E quantos acontecimentos horrendos ocorrem nas páginas dessa história em quadrinhos... 

Somos transportados a quase presenciar e refletir sobre até onde a humanidade é capaz de cometer atrocidades em nome da sobrevivência selvagem em não apenas em cenas viscerais e escatológicas, mas também em acontecimentos que precisaram de uma coragem única de Kirkman para narrar não poupando nem o mais inocente dos personagens e nem o próprio protagonista Rick Grimes. 

Todos sofrem na mão de seu autor para que possamos questionar os valores da nossa própria humanidade e em que rumo queremos que a sociedade como um todo caminhe para o futuro refletindo o nosso próprio papel como cidadão e, principalmente, como ser humano nessa caminhada inexorável do tempo. 


 

A filosofia sutilmente implícita em The Walking Dead com uma crítica social bem equilibrada em uma narrativa cada vez mais espetacular faz com que seja uma das melhores histórias em quadrinhos da atualidade atraindo uma legião de leitores sendo muito bem sucedida em outras mídias como series televisivas, livros e ao que tudo indica agora, também em formato de filme em longa-metragem. 

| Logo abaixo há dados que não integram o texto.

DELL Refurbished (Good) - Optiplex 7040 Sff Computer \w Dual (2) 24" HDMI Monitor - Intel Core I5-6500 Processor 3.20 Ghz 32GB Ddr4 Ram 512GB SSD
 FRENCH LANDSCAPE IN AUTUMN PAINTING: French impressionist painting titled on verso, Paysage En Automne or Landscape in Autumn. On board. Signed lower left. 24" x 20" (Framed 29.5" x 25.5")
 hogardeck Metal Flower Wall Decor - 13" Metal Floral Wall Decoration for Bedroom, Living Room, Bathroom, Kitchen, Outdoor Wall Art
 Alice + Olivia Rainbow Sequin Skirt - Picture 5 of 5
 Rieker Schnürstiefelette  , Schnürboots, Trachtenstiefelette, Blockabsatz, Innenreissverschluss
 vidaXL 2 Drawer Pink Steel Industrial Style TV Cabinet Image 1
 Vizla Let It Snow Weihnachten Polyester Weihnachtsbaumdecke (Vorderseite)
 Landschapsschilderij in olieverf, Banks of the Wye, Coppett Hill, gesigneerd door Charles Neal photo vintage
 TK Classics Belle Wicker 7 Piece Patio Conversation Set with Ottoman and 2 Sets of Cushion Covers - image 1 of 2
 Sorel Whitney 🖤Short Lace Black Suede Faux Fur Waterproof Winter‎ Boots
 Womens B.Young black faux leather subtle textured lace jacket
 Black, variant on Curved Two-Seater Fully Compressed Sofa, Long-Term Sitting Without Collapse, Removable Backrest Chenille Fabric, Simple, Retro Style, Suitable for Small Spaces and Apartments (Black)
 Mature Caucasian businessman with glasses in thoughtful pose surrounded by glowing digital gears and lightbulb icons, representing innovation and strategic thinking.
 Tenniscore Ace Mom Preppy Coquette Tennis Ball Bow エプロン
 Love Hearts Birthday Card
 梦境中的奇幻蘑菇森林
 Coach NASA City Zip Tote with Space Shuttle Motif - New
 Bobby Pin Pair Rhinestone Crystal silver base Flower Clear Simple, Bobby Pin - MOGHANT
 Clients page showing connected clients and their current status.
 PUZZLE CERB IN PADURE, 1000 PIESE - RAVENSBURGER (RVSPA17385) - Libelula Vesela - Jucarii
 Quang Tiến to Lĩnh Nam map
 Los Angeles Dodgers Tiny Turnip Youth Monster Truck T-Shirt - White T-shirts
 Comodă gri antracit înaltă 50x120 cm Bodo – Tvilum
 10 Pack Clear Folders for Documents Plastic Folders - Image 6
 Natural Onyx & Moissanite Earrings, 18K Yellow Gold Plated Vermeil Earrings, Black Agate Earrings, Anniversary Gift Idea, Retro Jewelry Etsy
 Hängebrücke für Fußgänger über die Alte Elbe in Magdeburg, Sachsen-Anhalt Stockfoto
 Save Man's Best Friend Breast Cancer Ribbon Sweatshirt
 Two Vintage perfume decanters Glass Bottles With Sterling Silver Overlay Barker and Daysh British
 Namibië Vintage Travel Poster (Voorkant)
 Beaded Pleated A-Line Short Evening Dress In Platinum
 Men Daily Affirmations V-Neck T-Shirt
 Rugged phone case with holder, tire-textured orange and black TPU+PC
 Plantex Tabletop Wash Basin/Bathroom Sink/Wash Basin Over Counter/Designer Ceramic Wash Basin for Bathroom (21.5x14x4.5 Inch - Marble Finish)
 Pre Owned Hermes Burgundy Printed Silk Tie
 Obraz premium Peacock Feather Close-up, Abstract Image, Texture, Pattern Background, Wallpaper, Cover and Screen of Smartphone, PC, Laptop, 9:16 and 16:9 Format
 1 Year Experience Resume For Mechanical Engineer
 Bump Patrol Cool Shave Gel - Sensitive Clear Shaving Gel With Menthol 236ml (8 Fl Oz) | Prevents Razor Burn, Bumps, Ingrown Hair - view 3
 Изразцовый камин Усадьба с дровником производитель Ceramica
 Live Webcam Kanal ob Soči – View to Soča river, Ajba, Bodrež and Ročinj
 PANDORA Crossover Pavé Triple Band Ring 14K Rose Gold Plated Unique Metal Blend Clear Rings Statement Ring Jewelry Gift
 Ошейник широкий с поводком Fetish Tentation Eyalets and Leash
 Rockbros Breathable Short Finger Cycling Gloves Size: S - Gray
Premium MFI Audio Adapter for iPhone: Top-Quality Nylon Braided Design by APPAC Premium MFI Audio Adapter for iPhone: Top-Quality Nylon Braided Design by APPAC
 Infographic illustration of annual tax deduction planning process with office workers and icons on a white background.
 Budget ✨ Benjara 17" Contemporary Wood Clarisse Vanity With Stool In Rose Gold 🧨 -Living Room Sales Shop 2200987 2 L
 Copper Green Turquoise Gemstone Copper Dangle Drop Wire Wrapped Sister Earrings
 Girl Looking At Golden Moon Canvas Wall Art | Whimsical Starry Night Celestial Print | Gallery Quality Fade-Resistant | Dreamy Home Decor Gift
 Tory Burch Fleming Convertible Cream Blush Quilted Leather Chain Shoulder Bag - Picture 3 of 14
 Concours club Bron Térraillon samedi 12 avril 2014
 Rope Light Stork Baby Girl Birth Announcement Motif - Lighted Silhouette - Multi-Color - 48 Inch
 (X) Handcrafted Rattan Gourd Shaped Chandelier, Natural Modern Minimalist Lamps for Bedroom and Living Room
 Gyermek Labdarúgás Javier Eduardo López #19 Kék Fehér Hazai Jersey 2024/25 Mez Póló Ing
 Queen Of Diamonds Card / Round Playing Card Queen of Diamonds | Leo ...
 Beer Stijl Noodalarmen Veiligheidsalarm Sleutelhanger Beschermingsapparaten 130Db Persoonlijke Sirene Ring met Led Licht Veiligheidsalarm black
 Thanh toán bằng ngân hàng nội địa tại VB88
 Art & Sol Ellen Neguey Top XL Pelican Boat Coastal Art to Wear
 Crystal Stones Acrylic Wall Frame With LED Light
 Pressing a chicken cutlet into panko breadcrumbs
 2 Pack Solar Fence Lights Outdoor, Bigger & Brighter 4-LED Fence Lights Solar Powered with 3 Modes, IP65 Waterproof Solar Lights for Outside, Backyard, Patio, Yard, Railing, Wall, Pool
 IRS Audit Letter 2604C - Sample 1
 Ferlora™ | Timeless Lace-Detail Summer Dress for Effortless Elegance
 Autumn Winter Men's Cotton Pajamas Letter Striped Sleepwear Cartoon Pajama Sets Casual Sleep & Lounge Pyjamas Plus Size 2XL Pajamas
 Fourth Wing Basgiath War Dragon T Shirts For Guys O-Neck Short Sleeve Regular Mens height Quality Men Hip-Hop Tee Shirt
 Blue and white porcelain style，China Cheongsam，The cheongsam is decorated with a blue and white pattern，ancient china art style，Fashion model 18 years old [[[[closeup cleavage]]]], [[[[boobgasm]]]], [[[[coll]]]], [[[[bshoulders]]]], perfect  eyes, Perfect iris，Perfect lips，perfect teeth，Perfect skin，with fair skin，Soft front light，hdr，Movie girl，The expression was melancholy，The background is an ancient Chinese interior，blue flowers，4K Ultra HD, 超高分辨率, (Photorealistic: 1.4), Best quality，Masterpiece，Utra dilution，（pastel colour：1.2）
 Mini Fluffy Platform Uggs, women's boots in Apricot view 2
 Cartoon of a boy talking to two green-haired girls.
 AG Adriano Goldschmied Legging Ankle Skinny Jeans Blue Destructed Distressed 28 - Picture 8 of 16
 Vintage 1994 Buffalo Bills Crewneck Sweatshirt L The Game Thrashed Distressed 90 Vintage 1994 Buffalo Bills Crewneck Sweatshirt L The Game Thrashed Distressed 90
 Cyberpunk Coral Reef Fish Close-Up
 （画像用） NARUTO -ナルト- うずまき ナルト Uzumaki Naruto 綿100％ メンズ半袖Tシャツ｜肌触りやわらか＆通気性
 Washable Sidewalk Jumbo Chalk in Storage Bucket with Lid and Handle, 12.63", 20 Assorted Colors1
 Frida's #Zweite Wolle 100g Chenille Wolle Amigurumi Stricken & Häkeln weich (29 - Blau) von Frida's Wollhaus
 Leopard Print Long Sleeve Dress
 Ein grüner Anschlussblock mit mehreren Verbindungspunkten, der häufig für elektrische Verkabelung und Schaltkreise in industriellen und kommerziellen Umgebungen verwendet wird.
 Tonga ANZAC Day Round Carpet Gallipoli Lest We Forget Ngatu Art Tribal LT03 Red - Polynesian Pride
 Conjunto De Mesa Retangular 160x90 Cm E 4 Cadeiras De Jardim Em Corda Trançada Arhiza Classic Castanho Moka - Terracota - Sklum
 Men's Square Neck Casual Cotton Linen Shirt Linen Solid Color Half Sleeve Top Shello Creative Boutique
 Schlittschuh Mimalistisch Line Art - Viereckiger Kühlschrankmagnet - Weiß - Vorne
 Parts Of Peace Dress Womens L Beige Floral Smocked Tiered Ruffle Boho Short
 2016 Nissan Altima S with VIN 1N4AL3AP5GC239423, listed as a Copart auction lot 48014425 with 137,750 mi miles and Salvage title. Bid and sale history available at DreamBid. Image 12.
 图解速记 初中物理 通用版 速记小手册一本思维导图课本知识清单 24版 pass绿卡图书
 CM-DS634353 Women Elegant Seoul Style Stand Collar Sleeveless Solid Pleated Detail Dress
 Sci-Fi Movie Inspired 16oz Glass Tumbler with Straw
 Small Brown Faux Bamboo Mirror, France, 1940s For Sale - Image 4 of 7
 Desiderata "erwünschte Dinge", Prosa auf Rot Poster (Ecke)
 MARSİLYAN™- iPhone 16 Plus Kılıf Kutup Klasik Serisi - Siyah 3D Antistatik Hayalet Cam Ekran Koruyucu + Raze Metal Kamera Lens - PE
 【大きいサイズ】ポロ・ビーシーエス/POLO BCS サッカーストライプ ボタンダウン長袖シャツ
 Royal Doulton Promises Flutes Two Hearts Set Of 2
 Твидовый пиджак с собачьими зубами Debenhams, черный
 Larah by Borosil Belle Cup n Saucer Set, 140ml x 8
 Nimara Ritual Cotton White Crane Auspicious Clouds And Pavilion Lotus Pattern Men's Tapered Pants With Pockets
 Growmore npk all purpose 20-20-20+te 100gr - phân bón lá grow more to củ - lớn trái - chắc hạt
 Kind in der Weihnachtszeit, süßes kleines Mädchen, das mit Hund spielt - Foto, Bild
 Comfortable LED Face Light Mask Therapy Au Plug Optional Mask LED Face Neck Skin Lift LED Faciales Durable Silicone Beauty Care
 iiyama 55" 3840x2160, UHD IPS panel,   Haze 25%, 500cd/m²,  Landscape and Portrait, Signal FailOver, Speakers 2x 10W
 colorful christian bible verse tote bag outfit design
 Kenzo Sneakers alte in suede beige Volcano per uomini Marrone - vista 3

As histórias em quadrinhos de The Walking Dead são recomendadas tanto para aqueles que nunca viram a série da AMC como aos que assistiram, desde que entendam a mudanças necessárias de mídia e compreendam a estranheza que o enredo pode causar nas primeiras leituras. Afinal, a série e a revistas estão praticamente em dois universos diferentes com personagens com histórias bem distintas ou exclusivos de cada veículo previamente apresentado. 


 

Uma narrativa gráfica que mostra a importância de dar liberdade criativa para seus quadrinistas não impondo muitas restrições editoriais dando aos autores todas as condições de escrever e desenhar boas histórias em quadrinhos atraindo mais público e engrandecendo ainda mais a nona arte.